For a complete breakdown of directory pruning behavior and transaction log optimization, review Implementing H3 hexagon partitioning in Delta Lake.

Spark SQL: Apache Iceberg Partition Transforms

Iceberg handles spatial partitioning via metadata transforms, avoiding directory proliferation. Use bucket transforms alongside spatial UDFs.
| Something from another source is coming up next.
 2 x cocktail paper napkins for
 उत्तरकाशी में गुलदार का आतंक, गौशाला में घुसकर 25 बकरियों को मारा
CREATE TABLE iceberg.geospatial.events (
    device_id STRING,
    lat       DOUBLE,
    lon       DOUBLE,
    ts        TIMESTAMP,
    h3_res7   STRING
) USING iceberg
PARTITIONED BY (
    bucket(128, h3_res7),
    days(ts)
)
TBLPROPERTIES (
    'format-version' = '2',
    'write.parquet.compression-codec' = 'zstd',
    'write.metadata.previous-versions-max' = '10'
);

-- H3 function must be registered in the session (e.g., via Apache Sedona or a custom UDF)
INSERT INTO iceberg.geospatial.events
SELECT
    device_id, lat, lon, ts,
    h3_latlng_to_cell(lat, lon, 7) AS h3_res7
FROM raw.telemetry_stream
WHERE ts >= '2024-01-01';

Clustering & Query Optimization

Partitioning alone cannot resolve intra-file spatial locality. Pair coarse partitions with in-file clustering to minimize row-group scans. Applying Z-Ordering for Geospatial Queries interleaves longitude and latitude bits, ensuring adjacent coordinates share Parquet row groups. This requires scheduled OPTIMIZE or rewrite_data_files jobs to maintain clustering efficiency as data ages.

For Iceberg, enforce sort order during writes:

-- Re-cluster with an explicit sort via stored procedure
CALL spark_catalog.system.rewrite_data_files(
  table => 'iceberg.geospatial.events',
  strategy => 'sort',
  sort_order => 'h3_res7 ASC, lon ASC, lat ASC'
);

Maintenance, Compaction & Troubleshooting

Manifest Bloat & Checkpoint Fragmentation

Monitor partition cardinality weekly. If h3_res7 cardinality exceeds 50,000 unique values per day, consider:

Upgrading to Iceberg v2 partition specs with bucket() to cap cardinality
Implementing dynamic partition pruning via query predicates
Running daily compaction to merge small files (delta.autoOptimize.optimizeWrite = true)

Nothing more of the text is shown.